I smacked my forehead. I had completely forgotten! The third book in the series Vanessa and I were currently obsessing over was coming out next month and I still hadn't reread books one and two. I made a mental note to myself to do so and thanked Vanessa's mom.

"Hey Anasika," spoke Vanessa's excited voice. "Ready for Everblaze, book 3?"

I grinned. "Bring it on! I have to start counting down!!"

I could almost see Vanessa rolling her eyes in amusement. Every year I would count down for the book coming out. It was just my thing. "Of course," she laughed. "So, how was the field trip? Two days is a lot."

"Oh it was amazing!" I gushed. "The campfire was awesome, and while the hike was exhausting, it was totally worth it. But the make up work, all the make up work!"

"Aww," sympathized Vanessa. But, I could hear the hurt in her voice, feeling like I had already forgotten about her and replaced her with my new Prestwall friends.

"Of course it would have been more fun if you were there," I added. And it was true. I missed her, a lot. "How's Southeast High? What's the friend group like?"

Vanessa shrugged. "They've changed... a lot. I mean, they're still nice like before, but their anime obsession has gone over the roof." She shuddered. "They've all cut their hair and dyed it like their favorite characters. And Anala has gone all goth."

I frowned. They seemed like they were changing on the cruise, but I didn't know they had changed so much. "You still hang out with them?" I asked.

Vanessa nodded. "Some of them, like Nina and Diana, are still normal. But the rest... I don't know."

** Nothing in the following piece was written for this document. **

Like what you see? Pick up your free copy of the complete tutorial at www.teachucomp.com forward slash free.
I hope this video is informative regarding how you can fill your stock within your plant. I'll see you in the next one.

I decided to change the topic to something less depressing, and sort of creepy. "Oh well. Hopefully they'll come around. How's AP US History? I heard it's the worst." But, I didn't doubt that Vanessa loved it. History and Politics were her favorite subjects, in contrast to my love of math and science. That's why so many people were shocked when I chose Global over SMCS.

"Oh it's amazing!" she squealed. "We're learning about so many new things. And, sure it's fast paced, but I still love it. Other people... not so much. But, they're the ones who signed up for it."

I laughed. We talked for a few more minutes until my mom called me down for dinner. "Well, I've got to go. I'll call you tomorrow."

"Okay, bye!"

I turned off the phone with a final beep and walked downstairs. Prestwall was great, but so was middle school I reasoned. Honestly, my life wasn't that bad. Oh wait. I still had history homework. Internally groaning, I began to eat dinner. Oh well.